いわゆるコロナ禍のもとで発行された『あなかしこ』を振り返り、この2年のうちに2度も「オンライン授業」を話題にしていたことに気が付いた。2020年7月発行の第69号では、《門徒随想》で「善意に彩られた負の連鎖」などということばを用いてオンデマンド授業の準備に追われる日常の辛さを描き、2021年1月発行の第70号では、《巻頭言》で前年の報恩講を振り返る文章の中で、インターネットを通じてリアルタイムにつながる授業のメリットを自覚しつつも以前とは疲れ方が異なるなどと綴っていた。

今年度、感染症の拡大は一応の落ち着きを見せたということなのであろうか、わたしの勤務校でも、4月からの授業は一部の例外を除きすべて対面で行われることが決まった。オンライン授業などという非原則的なものを捨て去り、授業の形態を元に戻すだけなのだから造作もない話である。普通はそう思う。誰でもそう思う。わたし自身もそう思った。しかし、実際には、これがなかなかうまくいくものではなかったのである。

そもそも、2年間にわたり人の前に立つことなく過ごしてきたわたしにとっては、30名もの学生が待つ教室に出向くということ自体が最初の大きな試練なのであった。おまけに、対面授業は実施しても密な状態はつくらないようになどといった無理な注文までつけられていたものだから、授業の定番となっているグループワークも当初は諦めざるを得なかった。

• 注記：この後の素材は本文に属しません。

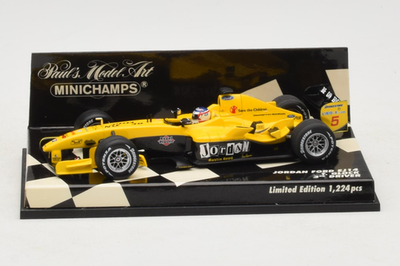 F1 Jordan Ford EJ14 T. Glock 2004 1:43 Minichamps | 400040039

オンライン授業であればマスクをせずに話ができるし、グループワークだってスムーズに実現できた。教材を印刷しなくても済むし、プリントを配る前に手を消毒する必要もない。ああ、あの頃に戻りたい。あれだけ嫌がっていたオンライン授業を懐かしくすら思ってしまうのだから、まことに厄介なものだ。思えば、幼い頃のわたしはアナウンサーに憧れていた。もともとはしかたなく始めたオンライン授業ではあったが、続けていくうちに、研究室のパソコンに向かって話す自分を、スタジオでマイクに向かって話すアナウンサーの姿にでも重ねてしまっていたのだろうか。

蓮如上人は、御文の中で「いたずらにあかし」ということばを5回、「いたずらにくらし」ということばを3回用いていらっしゃる。好んでみたり嫌ってみたり、慣れてみたり忘れてみたり、思い出してみたりやり過ごしてみたり。そんなことを繰り返しながらおろおろと日々を暮らすわたしを、上人のことばは言い当てているようだ。